Stop Plastics from Choking the Ocean
December 14, 2018
By WeMove Europe
Plastics are choking the ocean. we've all seen horrible images of whales and other ocean creatures found dead with plastic stuffed into their stomachs.
The European Union is the world’s second-largest consumer of plastic, and demand is growing every year. WeMove Europe members want an end to single-use plastic pollution, and in 2018 we made a huge contribution to the adoption of ambitious legislation to tackle the problem.
A proposal came out for the European Union to reduce plastic consumption and we recognised a massive opportunity. Together with our partners across Europe, we asked the EU to support the adoption of ambitious legislation. It would drastically reduce the consumption of single-use plastics and ensure that producers pay for their pollution.
The first-ever EU conference on plastic strategy occurred in late 2017, and we wanted to be sure the EU would take action. Over 2,100 individuals from our community chipped in to put 150 powerful billboards across Brussels showing the horrors of plastic pollution for our wildlife, and Vice President of the European Commission Frans Timmermans personally accepted over 600,000 signatures.
Shortly thereafter, the EU proposed legislation banning some single-use plastics. But it wasn’t all smooth sailing. As the legislative process unfolded, there were attempts to let polluting corporations off the hook for their plastic pollution.
To keep the pressure up we worked with our partners to collect signatures on the massive petition, and our community wrote hundreds of thousands of emails and thousands of tweets to their representatives.
Austria was a key country in this campaign because it held the EU Presidency during trilogue negotiations of the anti-plastics legislation. Right before the final trilogue negotiation in December 2018, we sprang into action to crowdfund advertisements in a major Austrian newspaper which helped to move talks in our favour.
Shortly afterwards, the EU institutions announced an agreement that included the principle that polluting corporations should pay.
The final vote on the plastic legislation was approved in March 2019 by the full plenary of the European Parliament. It banned single-use plastic cutlery, cotton buds, straws and stirrers and took effect in 2021 across the EU. It also requires manufacturers to pay for waste management and clean-up of several single-use plastic items.

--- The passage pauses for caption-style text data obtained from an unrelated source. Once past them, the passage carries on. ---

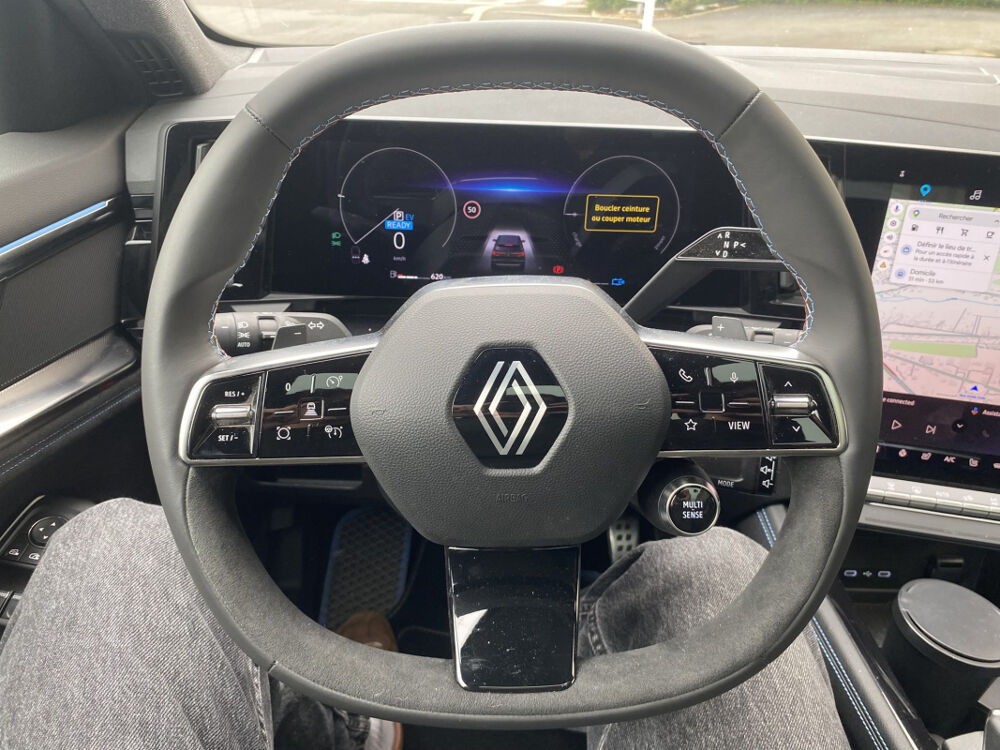 Austral 1.2 FULL HYBRID E-TECH 200 ICONIC ESPRIT ALPINE 2024 occasion 80480 Salou&euml;l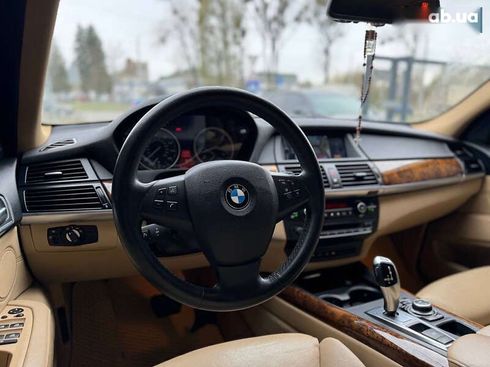 BMW X5 2011 - фото 12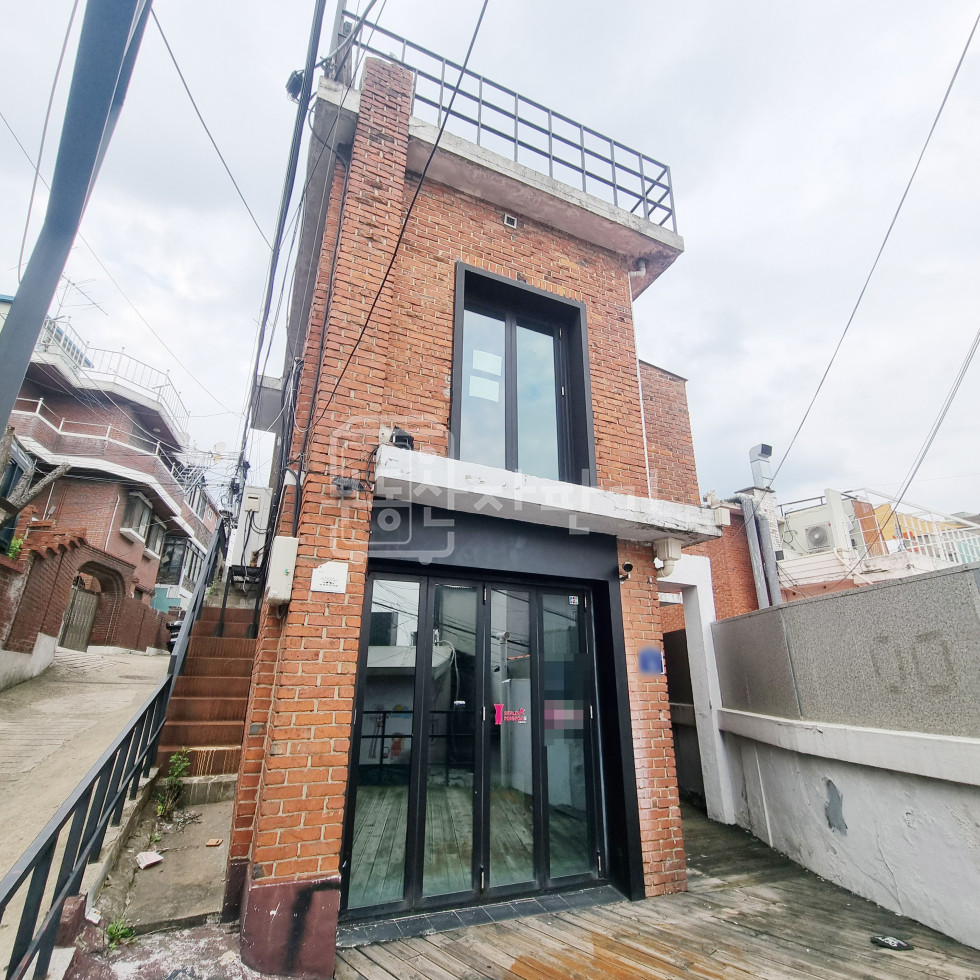 서울 용산구 이태원동 이태원역 3분, 지상1층~지상2층 단독건물 통임대 월세 매물번호 27935 사진 2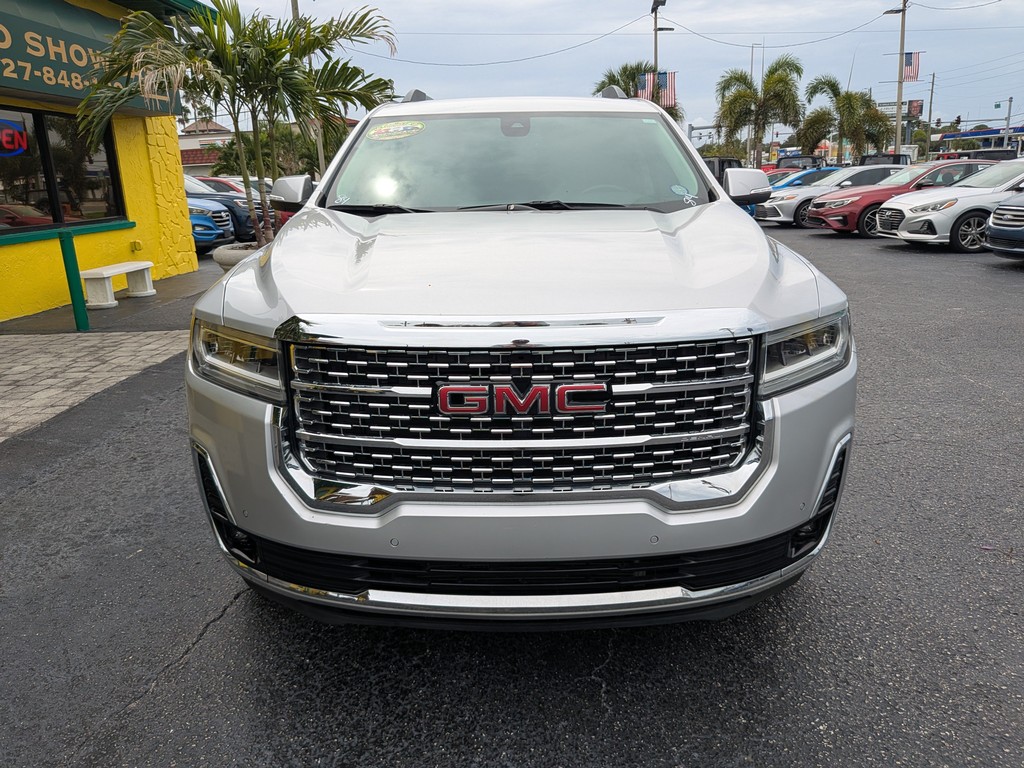 GMC Acadia Vehicle Full-screen Gallery Image 05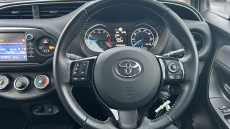 Toyota Yaris 1.5 VVT-i Design 5dr Petrol Hatchback
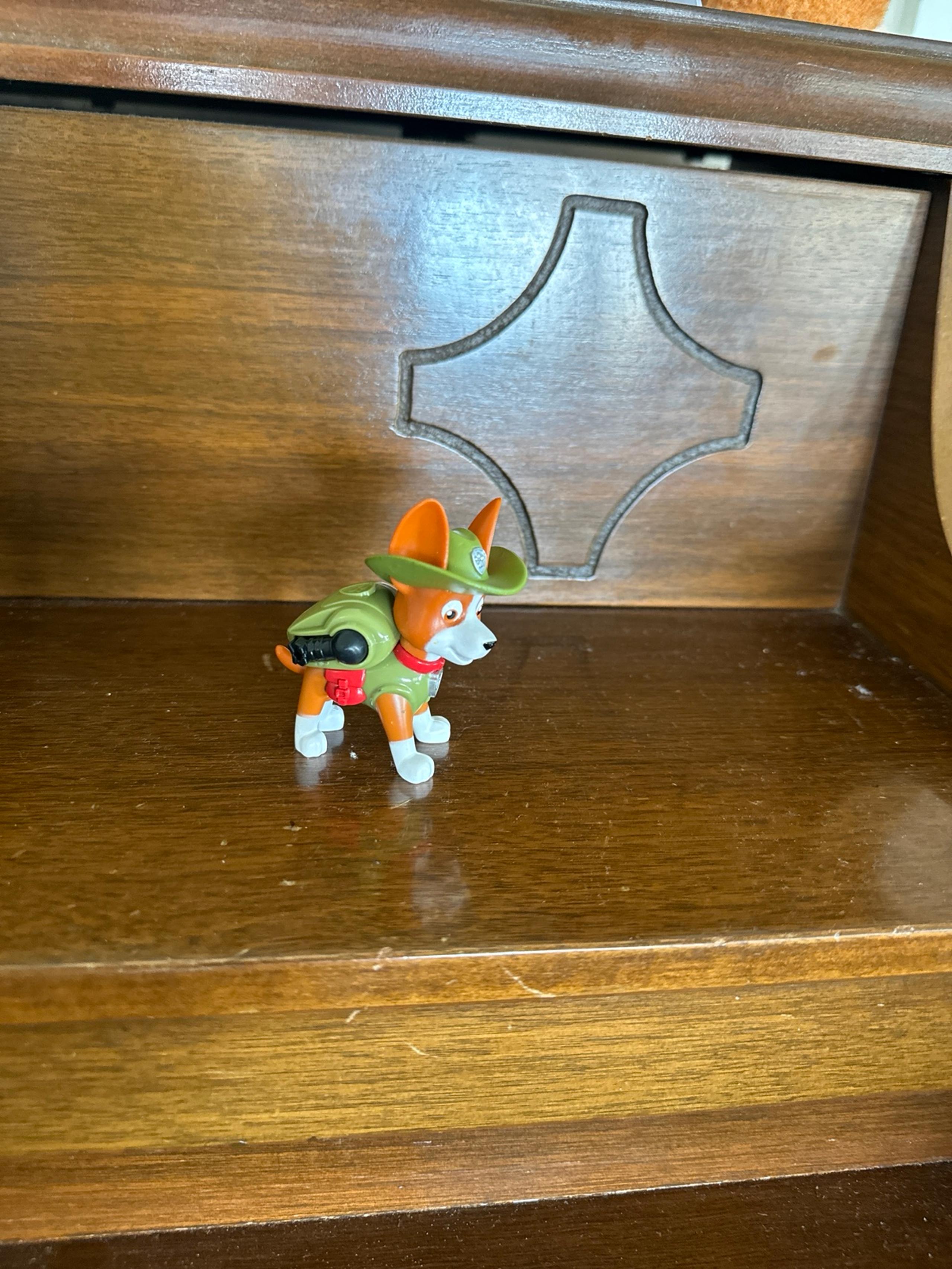 paw patrol tracker action pack figure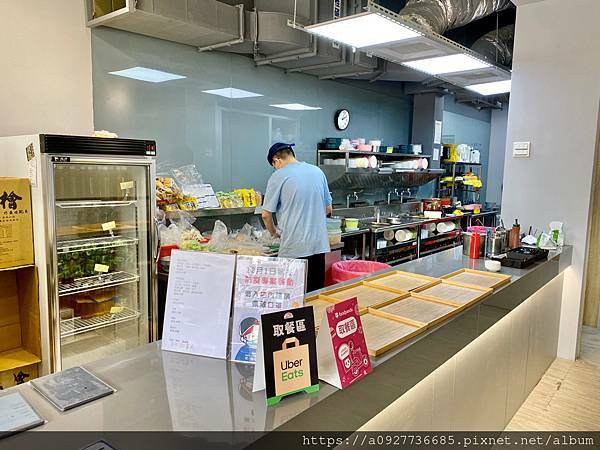 新莊美食推薦/新式滷味「別想了，吃滷味吧」 業界首創擁有最多樣化的選擇/消夜首選/乾.湯的我全都要/新泰路美食首選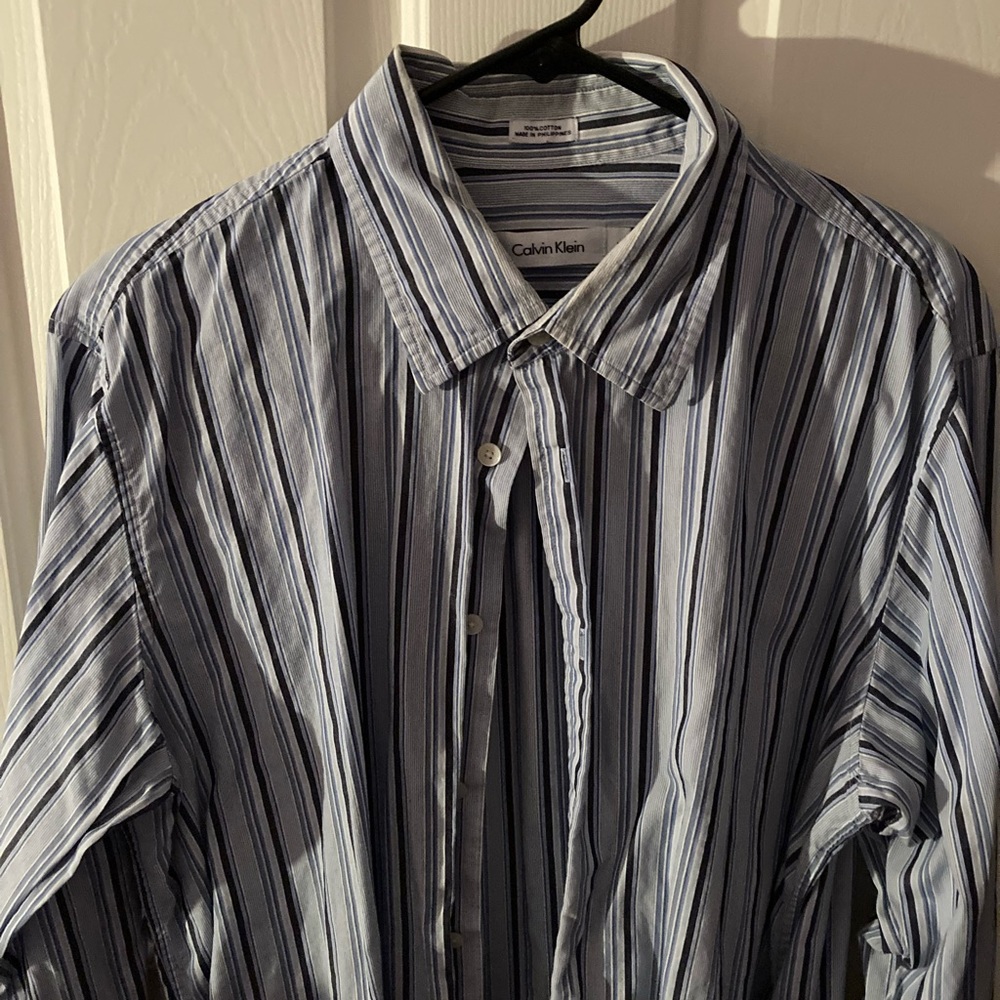 Men’s Calvin Klein casual button down long sleeve shirt. Size: L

But new EU laws take a long time to implement. And by the time the implementation guidelines were being defined in 2020, the plastics industry was already hard at work, lobbying for exemptions and substitutions that would water down the impact of the law.
Our campaign was all the stronger because we worked as part of a dynamic alliance with SumOfUs, Friends of the Earth Europe, Rethink Plastic and Break Free from Plastic.